Monday, February 17, 2025

Letter for Franco Mateo, the Brave

My dearest smart and handsome grandson,

How do you make sense of feelings and thoughts that are different from what others have? What do you see that we do not, with our ordinary naked eyes? Where do you get your drive, your gentleness, your anger, your frustration and your glee? What makes you happy or sad? 

I marvel at the things that excite you now, and bore you later. I am amazed at what you can remember and describe in your own language that I am too slow to grasp. I wish to slap myself for failing you each time.

I want to understand how you think and see the things around you. I want to soak in the bizarre, the weird, the absurd that you might find amusing or just as disgusting, just because you see the difference that I do not.

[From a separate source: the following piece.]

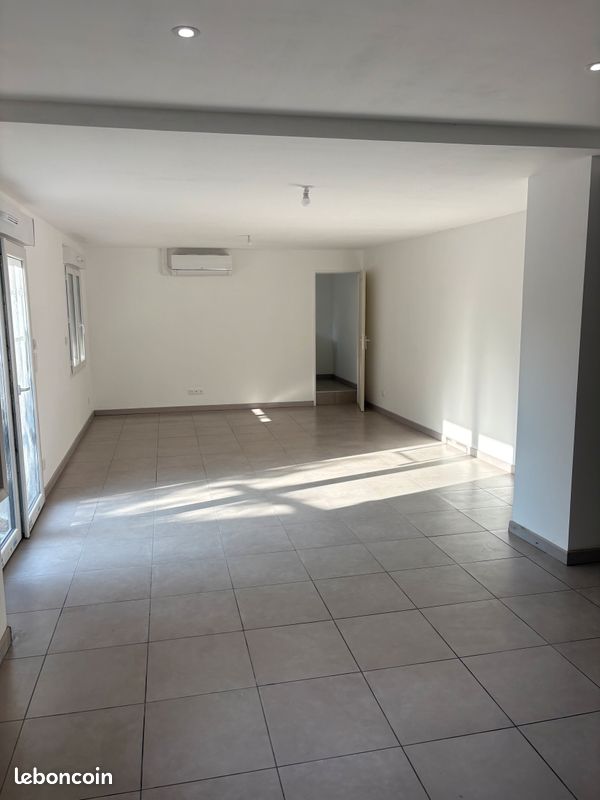 Maison 5 pièces 90 m² · à Saint-Genouph · 90 m² · 1 100 €/mois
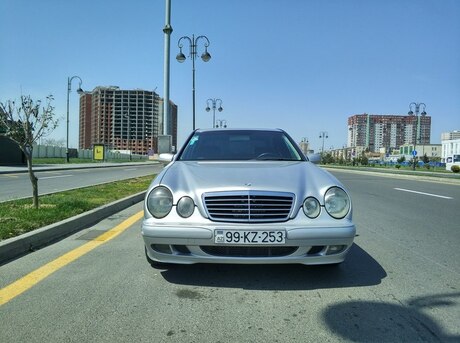 Mercedes E 220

I pray to God that I be able to enter your little world before I die, so that I may be able to understand your feelings, analyze your thoughts or feel your frustrations in my limited understanding and simple human heart.

I wish to be able to hold your hand, whenever you want the touch of a familiar old, rough palm. I want to laugh with you always, and cry with you if it makes you feel better.

I wish to God that I be given a small dot of a space in your heart so that I can be with you, even when I am gone.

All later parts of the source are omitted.